Free Support Forum - groupdocs.com

Parse a large PDF to HTML using Java

Hi, i used groupdocs.parser version 20.1 to parse file large PDF around >50MB, but it only parsed around 10-14 first pages and missed a lot of file pdf content. So please check this issue (version 18.12 dont have this problem).

Example file pdf 500MB: https://ia800304.us.archive.org/19/items/nasa_techdoc_19880069935/19880069935.pdf

@shockvip1331,

Please share the sample code or application using that issue could be reproduced at our end.
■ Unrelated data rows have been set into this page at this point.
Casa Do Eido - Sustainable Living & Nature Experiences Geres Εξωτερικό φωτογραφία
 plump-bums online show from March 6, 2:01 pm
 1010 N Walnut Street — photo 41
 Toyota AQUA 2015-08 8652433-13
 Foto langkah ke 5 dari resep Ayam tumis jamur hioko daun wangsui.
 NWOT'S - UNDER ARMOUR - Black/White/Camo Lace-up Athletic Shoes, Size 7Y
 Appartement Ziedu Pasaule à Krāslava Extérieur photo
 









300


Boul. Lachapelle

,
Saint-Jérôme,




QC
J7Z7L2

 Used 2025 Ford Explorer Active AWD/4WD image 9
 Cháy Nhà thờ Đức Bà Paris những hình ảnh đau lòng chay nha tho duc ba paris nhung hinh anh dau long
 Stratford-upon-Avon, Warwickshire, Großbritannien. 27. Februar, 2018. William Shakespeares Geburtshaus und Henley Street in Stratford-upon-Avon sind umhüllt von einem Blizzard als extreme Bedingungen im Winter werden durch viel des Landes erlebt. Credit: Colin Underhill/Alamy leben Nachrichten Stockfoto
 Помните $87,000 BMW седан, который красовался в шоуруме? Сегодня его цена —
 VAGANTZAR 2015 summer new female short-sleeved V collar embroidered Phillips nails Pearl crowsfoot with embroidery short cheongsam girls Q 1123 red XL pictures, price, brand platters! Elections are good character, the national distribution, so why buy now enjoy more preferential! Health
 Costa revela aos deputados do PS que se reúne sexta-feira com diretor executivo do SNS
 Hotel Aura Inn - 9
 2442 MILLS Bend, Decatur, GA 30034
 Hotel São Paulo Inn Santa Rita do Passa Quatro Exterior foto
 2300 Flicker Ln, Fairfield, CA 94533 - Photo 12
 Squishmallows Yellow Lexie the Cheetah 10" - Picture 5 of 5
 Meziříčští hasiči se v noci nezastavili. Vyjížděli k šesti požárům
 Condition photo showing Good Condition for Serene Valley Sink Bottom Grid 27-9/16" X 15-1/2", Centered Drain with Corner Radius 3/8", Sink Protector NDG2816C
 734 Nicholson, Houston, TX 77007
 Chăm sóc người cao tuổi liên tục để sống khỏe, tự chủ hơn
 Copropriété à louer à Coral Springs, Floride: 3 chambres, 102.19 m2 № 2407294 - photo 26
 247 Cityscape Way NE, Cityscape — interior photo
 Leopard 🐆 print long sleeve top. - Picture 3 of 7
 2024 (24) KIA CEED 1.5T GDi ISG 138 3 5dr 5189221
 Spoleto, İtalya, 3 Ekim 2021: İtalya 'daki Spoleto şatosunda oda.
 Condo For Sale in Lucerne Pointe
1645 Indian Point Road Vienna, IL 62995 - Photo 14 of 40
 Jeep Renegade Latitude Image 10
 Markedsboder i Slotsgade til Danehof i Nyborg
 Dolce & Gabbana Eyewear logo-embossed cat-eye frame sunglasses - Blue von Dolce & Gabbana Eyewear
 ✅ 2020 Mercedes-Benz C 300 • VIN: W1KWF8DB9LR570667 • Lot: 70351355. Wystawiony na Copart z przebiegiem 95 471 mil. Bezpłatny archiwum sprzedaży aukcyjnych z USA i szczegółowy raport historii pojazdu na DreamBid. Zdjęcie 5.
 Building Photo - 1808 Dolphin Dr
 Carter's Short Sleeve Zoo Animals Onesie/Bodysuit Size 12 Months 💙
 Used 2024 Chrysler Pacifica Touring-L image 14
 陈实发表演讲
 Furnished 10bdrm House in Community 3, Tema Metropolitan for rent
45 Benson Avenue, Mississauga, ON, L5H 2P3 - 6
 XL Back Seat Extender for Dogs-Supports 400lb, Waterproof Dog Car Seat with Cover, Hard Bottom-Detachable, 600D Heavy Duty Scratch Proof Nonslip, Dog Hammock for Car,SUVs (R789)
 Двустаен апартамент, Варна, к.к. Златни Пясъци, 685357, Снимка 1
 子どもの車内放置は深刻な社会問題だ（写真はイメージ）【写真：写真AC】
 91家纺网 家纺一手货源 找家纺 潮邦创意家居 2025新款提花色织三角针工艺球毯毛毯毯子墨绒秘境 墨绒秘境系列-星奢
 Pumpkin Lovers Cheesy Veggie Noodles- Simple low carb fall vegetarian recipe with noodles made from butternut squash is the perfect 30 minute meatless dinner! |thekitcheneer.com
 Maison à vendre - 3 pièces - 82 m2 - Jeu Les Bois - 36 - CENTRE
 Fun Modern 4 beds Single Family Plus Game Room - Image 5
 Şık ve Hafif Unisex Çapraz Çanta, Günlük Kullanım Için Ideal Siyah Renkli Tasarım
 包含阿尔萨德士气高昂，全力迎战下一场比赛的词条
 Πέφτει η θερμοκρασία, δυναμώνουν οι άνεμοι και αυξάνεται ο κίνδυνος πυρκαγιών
I just used basic code like examples on Github:

try (Parser parser = new Parser(filePDFPath)) {
try {
try (TextReader reader = parser.getText()) {
String read = reader.readToEnd();
OutputStream outputStream = new FileOutputStream(fileOutputPath);
outputStream.write(read.getBytes(StandardCharsets.UTF_8));
outputStream.close();

            }
        } catch (IOException e) {
            e.printStackTrace();
        }
    }
1 Like

@shockvip1331,

This issue is reproduced at our end. Hence, it has been logged in our internal issue tracking system with ID PARSERJAVA-110. As there is any further update, you’ll be notified.

During the fixing time, i have to downgrade to version 18.12 to make sure my app works fine.

@shockvip1331,

Alright.